WHAT DOES THIS MEAN?
Contrary to the trend away from the use of SB in cases of RD, we found that PPV and PPV with SB were both common approaches for the treatment of GRT-related detachments.
In our study, SSAS was high (> 75%) for both surgical groups at 6 months and 1 year. Importantly, SSAS was not different at either time point for eyes treated with PPV alone versus PPV with SB, except in children younger than 18 years.
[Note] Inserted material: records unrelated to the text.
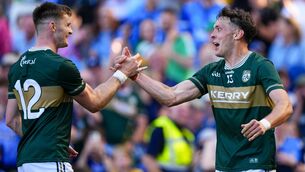 <p>GREEN AND GOLD: Diarmuid O'Connor and David Clifford celebrates at full time of the All-Ireland semi-final with Dublin. Pic: INPHO/James Lawlor</p> <p>GREEN AND GOLD: Diarmuid O'Connor and David Clifford celebrates at full time of the All-Ireland semi-final with Dublin. Pic: INPHO/James Lawlor</p>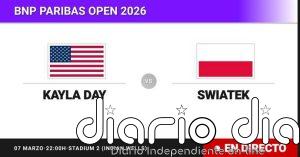 Kayla Day - Iga Swiatek, en directo hoy: sigue el partido de BNP Paribas Open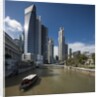 Boat on the Singapore river, the Cavenagh Bridge and the downtown by Anonymous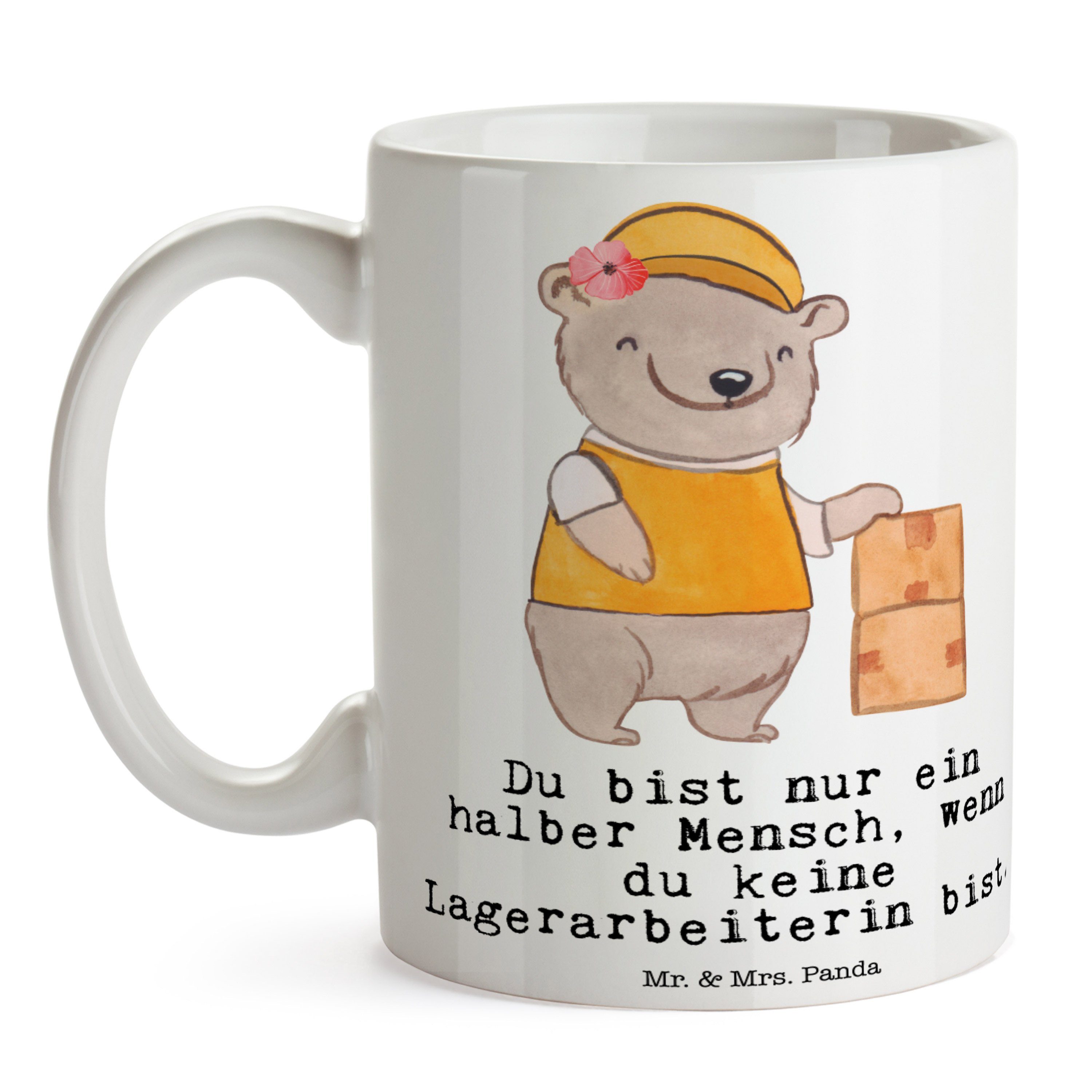 mit Möbel Tasse Weiß Mr. Keramik Herz Panda Firma, & Geschenk, Lagerarbeiterin Danke, packe, Mrs. - -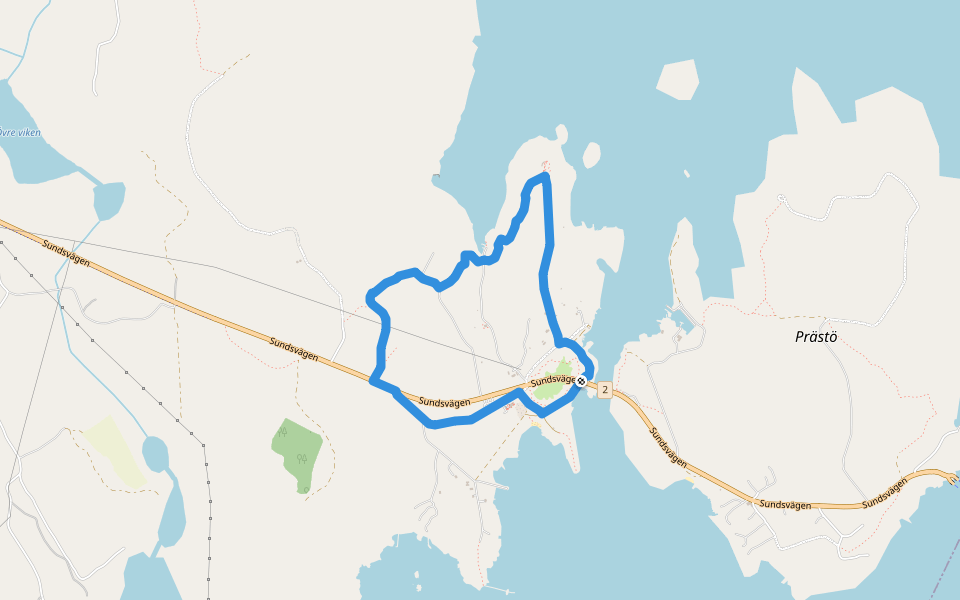 Bomarsund walking route map in Sund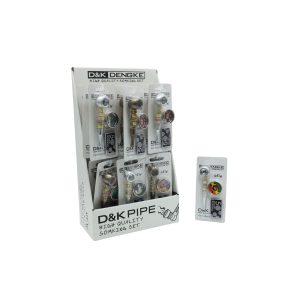 D&K CRYSTAL PRISM DESIGN HAND PIPE WITH GRINDER & SCREEN -BOX OF 24 (DK8623B)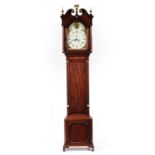 George III Mahogany Tall Case Clock , 19th c., broken scroll pediment, eagle and ball finials,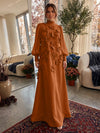 Jersey A-Line High Neck Formal Dresses with 3D Flowers
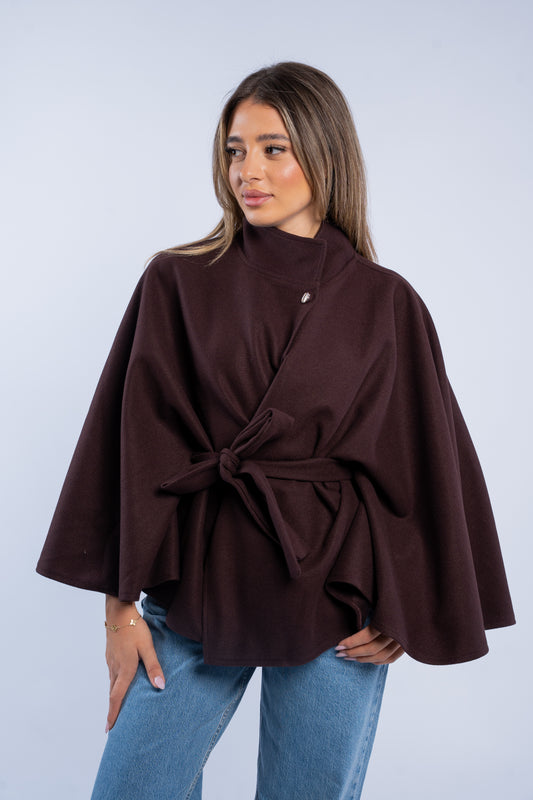 Belted wool poncho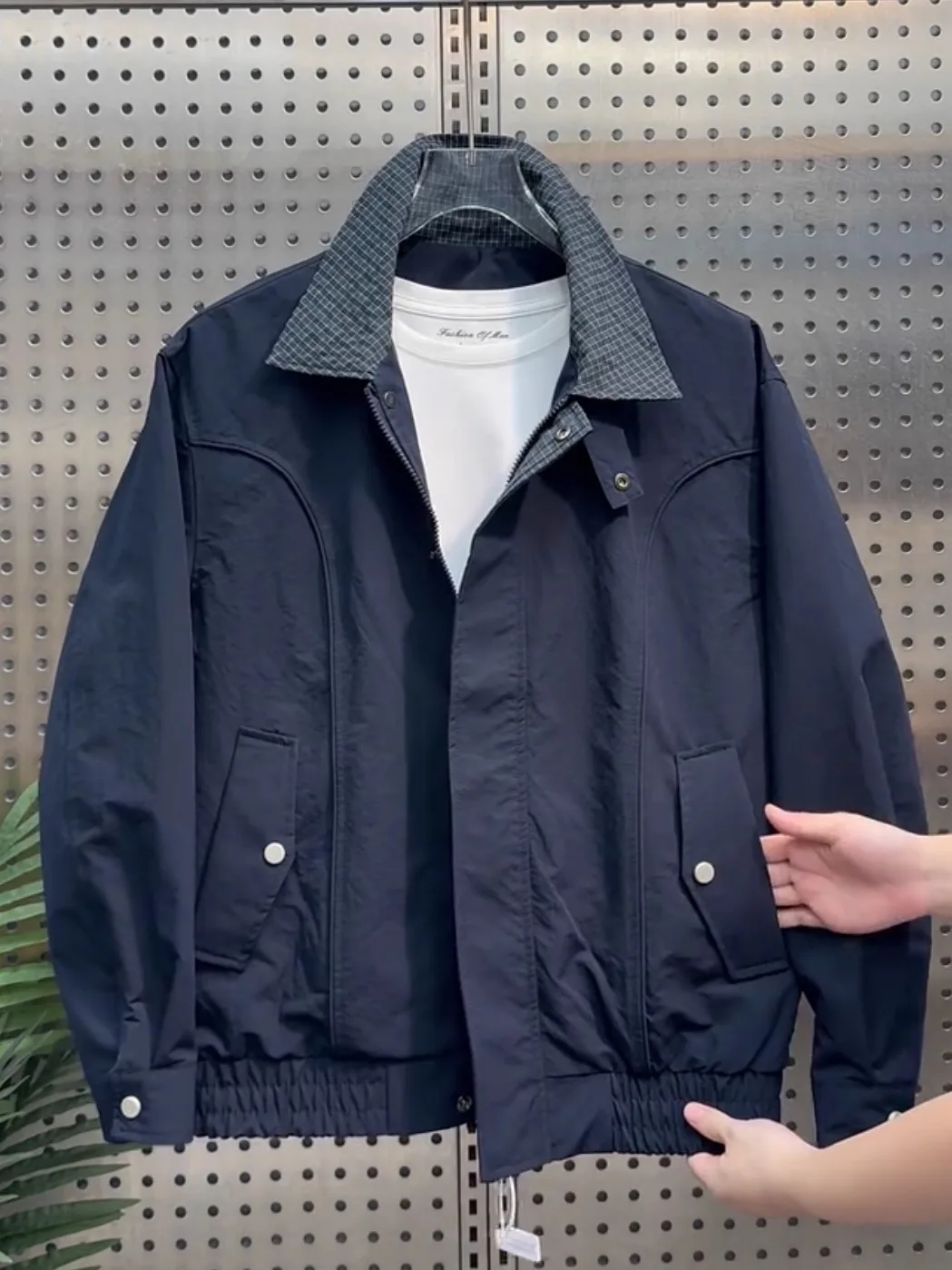 

Retro American Plaid Color Blo Collar Jaet Men's Casual Haome Loose Versatile Leisure Outerwear Autumn New Sle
We hypothesize that the addition of SB in pediatric eyes increases the anatomical success rate by reducing vitreoretinal traction when complete vitreous shaving is difficult in the presence of a natural lens. Furthermore, the vitreous of children with GRTs is often tenacious with strong vitreoretinal interface adhesions, making posterior vitreous detachment induction and complete vitreous removal challenging.20-22
In adults, GRT, by virtue of its size, may reduce vitreoretinal traction and act as a relaxing retinectomy.23-29
This study supports the use of PPV with SB in children and PPV alone in adults as an option for treating GRT-related detachments.